Photograph courtesy Vernard S. Fields

This year, all projects submitted will be screened on Thursday, July 14, at 6:30 and 8:30 p.m. at the Esquire Theatre. The top films of the event, selected by its organizers, will be shown at a “Best Of” screening at 6:30 p.m., on Friday, July 22, at the Esquire.

The theater showings were the biggest loss from the pandemic. While all projects were available to watch online last year, Fields says there’s nothing like a live audience experience. For some participants, this is the only time they may ever see a film they’ve made premiere on the big screen.

Photograph courtesy Vernard S. Fields

As city producer for the event, Vernard S. Fields is responsible for locking down the dates of the competition, finding judges for awards, marketing the event to the local community, and securing a theater to show the finished projects. Having taken on the role in 2019, Fields says loves seeing how excited participants are but “I get the most joy out of fresh faces.”

One rule of the competition connects all entries, no matter what else they contain: all films must contain a certain prop and a particular line of dialogue, verbatim. Teams get more points if the prop is used as part of the story, not just in the background. The most unique case Fields has seen was a film whose required prop was a frisbee, and two characters in the film discussed the actual physics of the toy during a train ride.

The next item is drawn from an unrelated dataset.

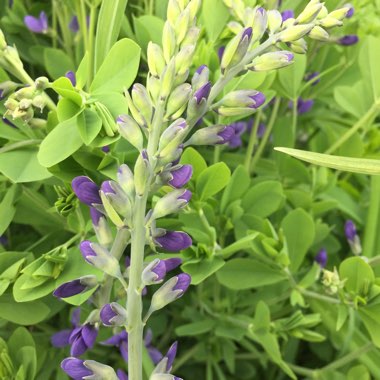 Blue False Indigo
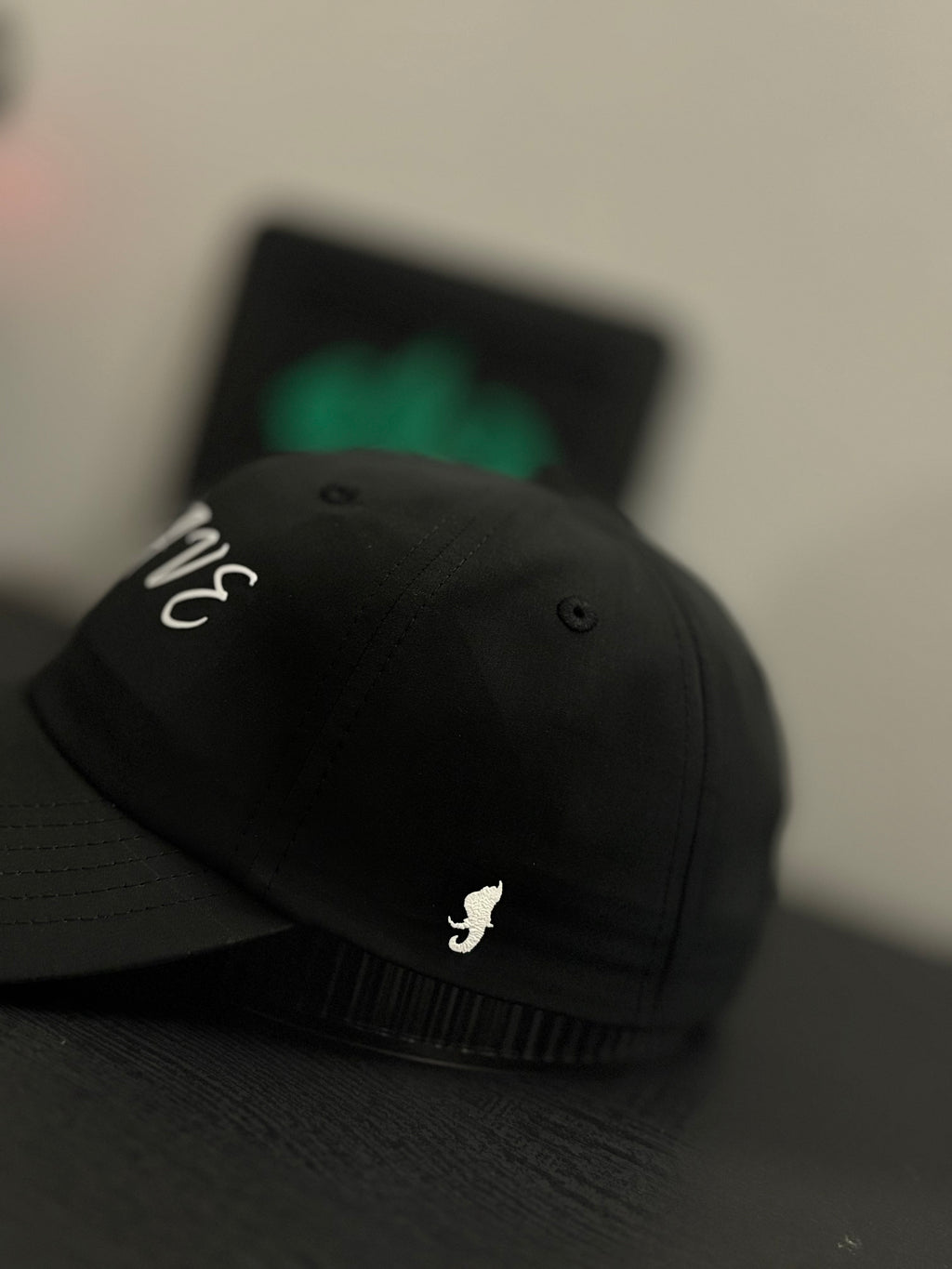 BRAVE™ Cap — J 1:9 Edition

In addition to running the competition, Fields is the founder and president of the Black Cincinnati Cinema Collective (B3C), an organization dedicated to connecting and strengthening the Black filmmaking community in Cincinnati. It started in 2017 as a social group, he says, then grew to include classes and an awards ceremony. The group now meets every month, connecting those both in front of and behind the camera.

Photograph courtesy Vernard S. Fields

“I realized that there was a lot of talent out there but they didn’t know each other,” he adds. “It’s all about making connections and letting people know that Black filmmakers in Cincinnati are here.”

And make connections it does. The last time Fields competed in the 48 Hour Project, in 2018, he convinced 60 B3C members to go with him to the event, and three more teams were formed and competed. “It felt great to be accepted into the community as a whole,” Fields explains.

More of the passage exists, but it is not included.